In article <1121288509.193598.159850.RemoveThis@g43g2000cwa.googlegroups.com>,
universatile.RemoveThis@yahoo.com wrote:
> > > > --
> > > > Keith
> > >
> > >
> > > During excentric contractions muscles lengthen under pressure and this
> > > is how soreness occurs, because this is how muscles are torn and build
> > > up stronger in order to more capably lengthen under pressure from
> > > increased loads. Is this hypertrophy of a sort specific only to
> > > excentric contraction or can the newly accrued (eccentrric) contractile
> > > protein be utilized for concentric contractions as well?
> >
> > Strength is specific to the type of contraction. If you gain mass from
> > eccentric training there is some carryover to concentric strength.
>
> It just seems logical to me that if you want to gain strength of one
> form, you employ a wide a wide variety of lifts, like cross training
> for sports. I just dont see the body as a mechanism that would respond
> better to highly specified training than to cross training, like
> fast/slow high/low reps, heavy/light weights, etc.
And yet powerlifters and olympic lifters spend the majority of time
doing competition lifts and are very strong. Strongmen competitors have
to spend hours per day focusing in on contested events.
To use Hugh's analogy - if you want to learn to play the flute you don't
learn the kazoo. The fact that some bodybuilders have converted to
powerlifting and don't do generally do that well offers support.
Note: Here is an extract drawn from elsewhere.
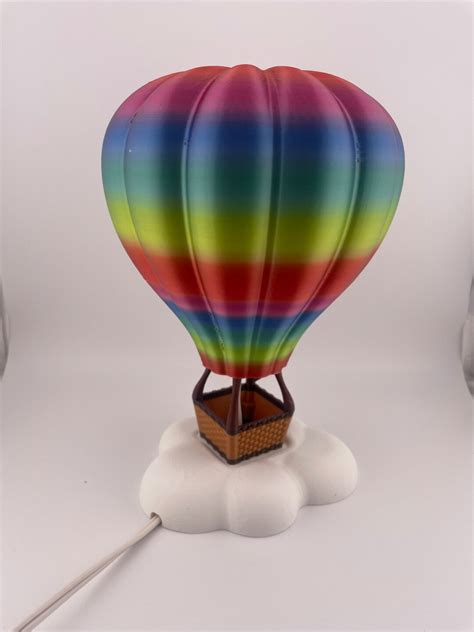 3D Printed Hot Air Balloon Lamp With Cloud Base Rainbow Colored Plugs In The Wall Perfect For
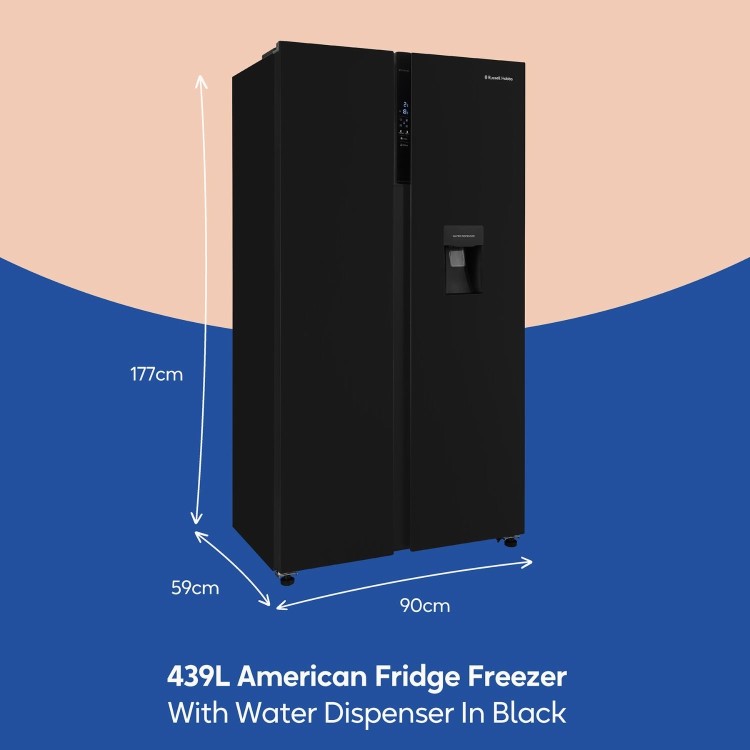 Russell Hobbs 439 Litre Side-By-Side American Fridge Freezer - Black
Also, how do you explain the hypertrophy of athletes who don't use much
eccentric training? Swimmers come to mind in particular.
>
> > Not really. They do some strength training, but they spend so much time
> > actually sprinting that the strength training is minor in comparison.
> > And they don't worry about bulk - they worry about strength. And for the
> > most part their strength training is aimed at the start.
> > >
>
> Weightlifting is very important for the sprinter. Maurice Greene
> improved his times drastically by gaining muscle mass.
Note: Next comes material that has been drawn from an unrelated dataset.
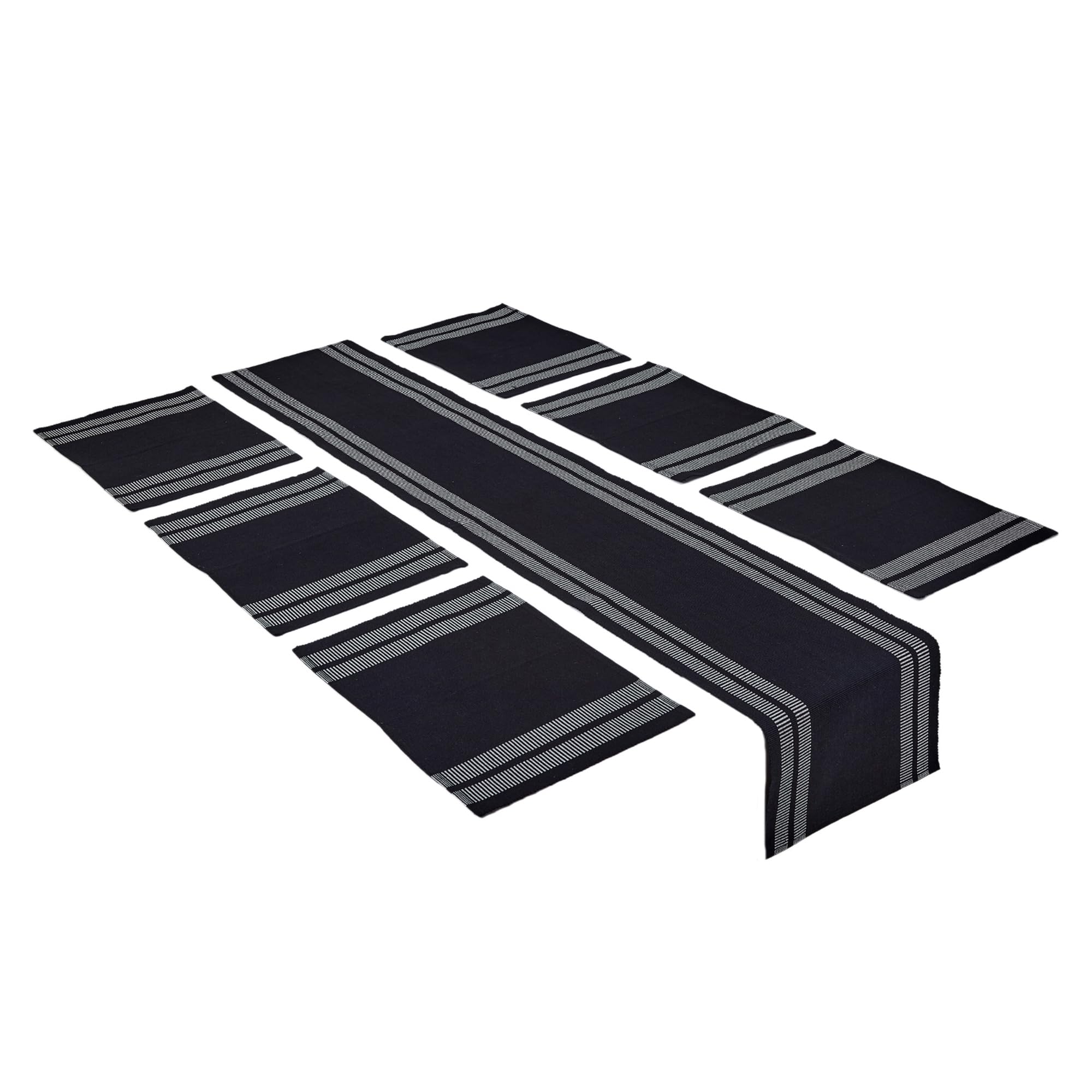 Encasa XO Runner Tavola e Tovagliette Americane 13"x72" Scala nera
He improved his time by gaining strength. If he had of gained the same
strength without increasing mass (which may not be possible) he would
have been even faster. (Less mass to accelerate at the start).
The Russians actually came up with a series of tables of ideal weight to
height ratios for various sports. Interesting that you couldn't just
keep gaining mass and get better. There is a limit where the mass slows
you down or causes anatomical difficulties.
This is obvious in the olympic lifts where it is common for guys to get
to big and have problems. For example - big biceps make it difficult to
rack the bar for a clean.
>
> "Keep On Running, The Science OF Training And Performance" stresses the
> importance of weightlifting as a means of increasing contractile
> protein.
>
> >
> > The pump is simply blood in the muscle.
>
> How do you know?
>
Except for your wild theory all the scientific books I've read suggest
that a short term effect of resistance training is more blood pumped to
the tissue requiring the nutrition. Frankly I'll take Zatsiosky and
other scientific experts opinion on that matter over yours.